Every decision we made came from watching students struggle with the gap between education and employment. Here's what happened along the way.

2019

Started With a Problem

Talked to dozens of junior artists who couldn't land jobs despite having degrees. Studios kept saying the same thing: graduates knew software but couldn't actually build game-ready assets. So we rented a small space in Barcelona and built curriculum around production pipelines instead of isolated tools.

2021

First Studio Partnership

A mid-sized studio needed environment artists but kept rejecting candidates. We offered to train specifically for their workflow. That pilot program put eight people into paid positions and taught us what actual collaboration with employers looks like.

2023

Expanded Specializations

Character modeling kept coming up in student requests. We brought in freelancers working on shipped titles to design the track. Added hard surface and prop specializations next. Each one built around portfolios that actually show range and technical understanding.

2024

Remote Training Launch

Moved half our programs online without losing the hands-on approach. Small cohorts, live feedback sessions, mandatory portfolio reviews every two weeks. Distance shouldn't mean disconnected.

2026

Looking Forward

Planning programs for July and October 2026. Working with three new studios on curriculum input. Testing a mentorship model that pairs advanced students with working professionals. Same goal as always: get people ready for actual production work.

What Training Looks Like

Students work on assignments pulled from real production scenarios. Tight deadlines, technical constraints, revision rounds. We don't simulate the industry, we teach through it.

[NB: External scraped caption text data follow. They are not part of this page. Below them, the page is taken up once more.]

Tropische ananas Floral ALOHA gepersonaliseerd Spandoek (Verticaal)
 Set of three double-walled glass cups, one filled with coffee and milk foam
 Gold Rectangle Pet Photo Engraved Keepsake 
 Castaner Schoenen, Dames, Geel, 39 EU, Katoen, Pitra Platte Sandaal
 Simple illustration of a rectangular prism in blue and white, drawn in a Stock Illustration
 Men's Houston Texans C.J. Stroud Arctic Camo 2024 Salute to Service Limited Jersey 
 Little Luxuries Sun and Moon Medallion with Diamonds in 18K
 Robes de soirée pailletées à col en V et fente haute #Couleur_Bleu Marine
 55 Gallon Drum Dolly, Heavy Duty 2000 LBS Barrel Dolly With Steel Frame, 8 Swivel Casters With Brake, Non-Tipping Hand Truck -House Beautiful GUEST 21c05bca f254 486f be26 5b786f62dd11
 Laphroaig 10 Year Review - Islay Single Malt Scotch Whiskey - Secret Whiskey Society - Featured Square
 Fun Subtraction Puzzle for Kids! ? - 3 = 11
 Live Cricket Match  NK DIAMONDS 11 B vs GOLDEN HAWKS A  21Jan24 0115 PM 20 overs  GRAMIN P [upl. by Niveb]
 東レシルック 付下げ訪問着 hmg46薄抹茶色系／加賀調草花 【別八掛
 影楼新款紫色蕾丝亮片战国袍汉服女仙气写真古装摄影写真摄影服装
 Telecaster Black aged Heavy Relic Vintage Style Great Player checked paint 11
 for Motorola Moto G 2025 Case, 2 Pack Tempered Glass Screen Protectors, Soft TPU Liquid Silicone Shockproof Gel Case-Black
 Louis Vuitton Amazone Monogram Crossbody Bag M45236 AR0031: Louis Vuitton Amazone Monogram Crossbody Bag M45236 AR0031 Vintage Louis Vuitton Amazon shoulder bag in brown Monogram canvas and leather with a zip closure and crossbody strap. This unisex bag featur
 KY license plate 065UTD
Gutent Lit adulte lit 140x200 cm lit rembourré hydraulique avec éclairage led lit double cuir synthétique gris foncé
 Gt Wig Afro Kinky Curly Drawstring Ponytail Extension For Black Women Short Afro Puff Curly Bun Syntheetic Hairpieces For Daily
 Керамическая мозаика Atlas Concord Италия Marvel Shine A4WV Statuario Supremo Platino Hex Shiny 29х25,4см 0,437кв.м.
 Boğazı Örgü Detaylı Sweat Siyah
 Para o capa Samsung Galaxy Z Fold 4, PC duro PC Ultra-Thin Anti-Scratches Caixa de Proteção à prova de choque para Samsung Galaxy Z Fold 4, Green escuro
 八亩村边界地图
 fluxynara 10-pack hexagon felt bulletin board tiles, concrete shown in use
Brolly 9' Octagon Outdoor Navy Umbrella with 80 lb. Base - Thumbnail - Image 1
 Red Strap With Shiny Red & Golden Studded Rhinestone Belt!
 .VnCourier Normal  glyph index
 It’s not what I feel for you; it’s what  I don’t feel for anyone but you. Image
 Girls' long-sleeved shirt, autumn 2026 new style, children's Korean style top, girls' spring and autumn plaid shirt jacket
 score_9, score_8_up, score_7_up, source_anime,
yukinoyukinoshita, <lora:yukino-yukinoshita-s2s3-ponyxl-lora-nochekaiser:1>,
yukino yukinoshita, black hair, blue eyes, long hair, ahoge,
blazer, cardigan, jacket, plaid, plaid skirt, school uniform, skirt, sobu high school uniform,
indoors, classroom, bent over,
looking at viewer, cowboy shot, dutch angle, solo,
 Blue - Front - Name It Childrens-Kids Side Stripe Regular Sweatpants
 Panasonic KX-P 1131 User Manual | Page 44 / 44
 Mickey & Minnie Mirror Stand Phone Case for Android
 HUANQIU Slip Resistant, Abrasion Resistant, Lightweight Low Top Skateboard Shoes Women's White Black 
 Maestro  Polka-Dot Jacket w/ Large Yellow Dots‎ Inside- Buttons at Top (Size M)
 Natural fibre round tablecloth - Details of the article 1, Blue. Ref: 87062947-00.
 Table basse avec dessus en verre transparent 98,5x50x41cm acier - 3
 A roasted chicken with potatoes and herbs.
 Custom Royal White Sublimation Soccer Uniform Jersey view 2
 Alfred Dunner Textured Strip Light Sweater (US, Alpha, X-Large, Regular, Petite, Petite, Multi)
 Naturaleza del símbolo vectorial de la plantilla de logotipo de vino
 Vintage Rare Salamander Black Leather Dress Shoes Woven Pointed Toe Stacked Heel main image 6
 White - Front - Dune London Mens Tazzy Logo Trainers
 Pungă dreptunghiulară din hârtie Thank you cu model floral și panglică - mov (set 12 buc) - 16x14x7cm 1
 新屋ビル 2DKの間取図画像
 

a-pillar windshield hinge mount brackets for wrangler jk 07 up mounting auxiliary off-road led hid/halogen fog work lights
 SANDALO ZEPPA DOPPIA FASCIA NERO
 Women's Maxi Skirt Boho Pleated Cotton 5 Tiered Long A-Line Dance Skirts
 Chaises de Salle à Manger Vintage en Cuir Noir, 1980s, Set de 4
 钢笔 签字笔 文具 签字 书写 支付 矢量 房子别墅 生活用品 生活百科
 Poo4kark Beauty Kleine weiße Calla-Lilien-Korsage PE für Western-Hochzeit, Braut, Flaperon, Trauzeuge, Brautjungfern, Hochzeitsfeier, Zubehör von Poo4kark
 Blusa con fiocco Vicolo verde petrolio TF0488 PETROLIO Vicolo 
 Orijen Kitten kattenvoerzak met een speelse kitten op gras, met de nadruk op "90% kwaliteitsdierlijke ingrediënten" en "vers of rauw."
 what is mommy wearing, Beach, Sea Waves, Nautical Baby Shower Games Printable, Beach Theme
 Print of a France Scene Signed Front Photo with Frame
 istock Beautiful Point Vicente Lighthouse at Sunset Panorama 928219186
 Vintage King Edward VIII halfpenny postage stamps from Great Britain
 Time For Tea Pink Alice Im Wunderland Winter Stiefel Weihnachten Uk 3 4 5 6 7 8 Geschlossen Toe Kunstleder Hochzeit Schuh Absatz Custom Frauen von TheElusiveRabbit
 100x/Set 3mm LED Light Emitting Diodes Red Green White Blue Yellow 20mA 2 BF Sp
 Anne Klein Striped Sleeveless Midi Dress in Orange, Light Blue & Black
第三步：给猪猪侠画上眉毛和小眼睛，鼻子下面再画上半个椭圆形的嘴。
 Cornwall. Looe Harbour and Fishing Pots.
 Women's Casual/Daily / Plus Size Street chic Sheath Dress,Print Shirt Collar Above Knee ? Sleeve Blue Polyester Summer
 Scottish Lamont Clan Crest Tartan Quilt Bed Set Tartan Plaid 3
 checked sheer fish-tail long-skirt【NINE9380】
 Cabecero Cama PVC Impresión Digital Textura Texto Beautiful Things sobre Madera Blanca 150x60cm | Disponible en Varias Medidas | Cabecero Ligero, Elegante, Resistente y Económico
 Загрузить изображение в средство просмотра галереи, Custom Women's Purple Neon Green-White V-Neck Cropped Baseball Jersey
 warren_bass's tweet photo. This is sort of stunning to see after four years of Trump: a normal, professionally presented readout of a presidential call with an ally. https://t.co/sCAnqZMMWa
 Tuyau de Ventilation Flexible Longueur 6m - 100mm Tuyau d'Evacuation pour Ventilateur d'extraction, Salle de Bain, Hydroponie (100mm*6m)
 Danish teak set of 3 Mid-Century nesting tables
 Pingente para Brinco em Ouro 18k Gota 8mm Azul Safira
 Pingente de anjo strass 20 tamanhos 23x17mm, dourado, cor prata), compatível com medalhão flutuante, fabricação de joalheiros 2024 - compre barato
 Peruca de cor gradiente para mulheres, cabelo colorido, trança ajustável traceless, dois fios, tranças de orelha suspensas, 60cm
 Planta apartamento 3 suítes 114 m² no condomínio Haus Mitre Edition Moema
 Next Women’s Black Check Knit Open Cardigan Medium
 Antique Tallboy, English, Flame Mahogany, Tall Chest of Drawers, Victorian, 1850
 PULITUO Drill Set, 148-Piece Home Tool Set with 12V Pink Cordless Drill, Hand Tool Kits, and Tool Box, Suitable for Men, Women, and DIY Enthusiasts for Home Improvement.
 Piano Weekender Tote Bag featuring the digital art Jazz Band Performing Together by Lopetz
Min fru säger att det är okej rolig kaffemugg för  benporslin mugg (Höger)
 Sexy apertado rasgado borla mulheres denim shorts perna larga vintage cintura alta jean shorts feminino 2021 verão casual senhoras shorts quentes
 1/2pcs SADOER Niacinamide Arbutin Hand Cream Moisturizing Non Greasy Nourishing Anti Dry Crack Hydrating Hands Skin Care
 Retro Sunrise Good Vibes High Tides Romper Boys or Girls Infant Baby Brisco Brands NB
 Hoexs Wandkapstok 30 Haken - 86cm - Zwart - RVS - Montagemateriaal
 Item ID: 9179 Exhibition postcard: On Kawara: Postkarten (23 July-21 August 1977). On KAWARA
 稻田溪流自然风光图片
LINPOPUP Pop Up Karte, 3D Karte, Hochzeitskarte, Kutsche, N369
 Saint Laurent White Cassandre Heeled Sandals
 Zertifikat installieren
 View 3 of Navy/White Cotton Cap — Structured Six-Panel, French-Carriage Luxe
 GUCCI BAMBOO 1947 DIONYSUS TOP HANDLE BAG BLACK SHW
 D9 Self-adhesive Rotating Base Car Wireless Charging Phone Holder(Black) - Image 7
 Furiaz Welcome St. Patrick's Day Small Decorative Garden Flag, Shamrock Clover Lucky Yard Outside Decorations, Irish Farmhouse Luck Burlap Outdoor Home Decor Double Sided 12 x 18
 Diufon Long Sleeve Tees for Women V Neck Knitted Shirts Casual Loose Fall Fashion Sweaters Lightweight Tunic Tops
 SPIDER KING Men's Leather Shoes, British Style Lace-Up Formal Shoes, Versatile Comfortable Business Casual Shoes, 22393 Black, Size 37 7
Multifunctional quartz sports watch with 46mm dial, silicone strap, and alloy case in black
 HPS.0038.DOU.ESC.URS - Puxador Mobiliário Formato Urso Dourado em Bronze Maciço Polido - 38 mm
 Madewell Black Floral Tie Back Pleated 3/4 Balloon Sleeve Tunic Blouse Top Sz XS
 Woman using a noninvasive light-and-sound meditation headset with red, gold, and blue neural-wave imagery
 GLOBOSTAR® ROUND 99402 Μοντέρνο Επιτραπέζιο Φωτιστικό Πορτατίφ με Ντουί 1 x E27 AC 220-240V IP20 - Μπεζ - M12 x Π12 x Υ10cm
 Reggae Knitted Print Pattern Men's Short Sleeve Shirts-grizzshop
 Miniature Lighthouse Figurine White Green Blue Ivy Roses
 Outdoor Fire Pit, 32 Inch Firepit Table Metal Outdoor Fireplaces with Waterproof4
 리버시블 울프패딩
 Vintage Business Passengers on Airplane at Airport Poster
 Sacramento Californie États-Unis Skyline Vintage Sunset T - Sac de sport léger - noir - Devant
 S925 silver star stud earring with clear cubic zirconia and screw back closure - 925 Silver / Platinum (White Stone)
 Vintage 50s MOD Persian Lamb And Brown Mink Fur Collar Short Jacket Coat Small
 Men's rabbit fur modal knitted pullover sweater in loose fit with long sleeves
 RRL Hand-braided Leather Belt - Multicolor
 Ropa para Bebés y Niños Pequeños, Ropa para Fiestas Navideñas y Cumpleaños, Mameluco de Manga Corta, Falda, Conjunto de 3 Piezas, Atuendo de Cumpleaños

Student workspace during 3D modeling session with multiple reference monitors
Technical review of game asset topology and UV layout
Group critique session analyzing prop modeling techniques
Final portfolio presentation showcasing completed game environment

How We Actually Teach

Production First

Every lesson connects to how studios actually build games. Poly counts matter. Texture budgets exist. LODs aren't optional. Students learn constraints before they learn shortcuts.

Feedback That Matters

Weekly reviews from instructors who've shipped titles. Not vague encouragement. Specific technical notes about topology, baking issues, material definition. The kind of feedback that improves the next model, not just feelings.

Portfolio Over Everything

Studios hire based on what you can show. We push students to finish pieces that demonstrate skill. Three strong assets beat ten half-done experiments. Quality takes time, and we structure programs to allow it.

Real Timelines

Programs run six to nine months because that's how long developing actual competency takes. Anyone promising mastery in weeks isn't being straight with you about what learning this work involves.

Instructor providing detailed technical feedback on student 3D model wireframe
Vilmar Espensen, founder and lead instructor at Growthex Academy

Vilmar Espensen

Founder & Lead Instructor

Worked as an environment artist for seven years before starting Growthex. Contributed to two shipped console titles and too many cancelled projects. Saw talented people get stuck in tutorial loops or wash out of junior positions because their training skipped fundamentals.

Started teaching part-time in 2018, realized formal education was asking the wrong questions. Left studio work in 2019 to build something focused on employability instead of credentials.

The best students aren't the ones with natural talent. They're the ones who can take critical feedback, revise work until it's right, and understand that getting good at this takes longer than a few months.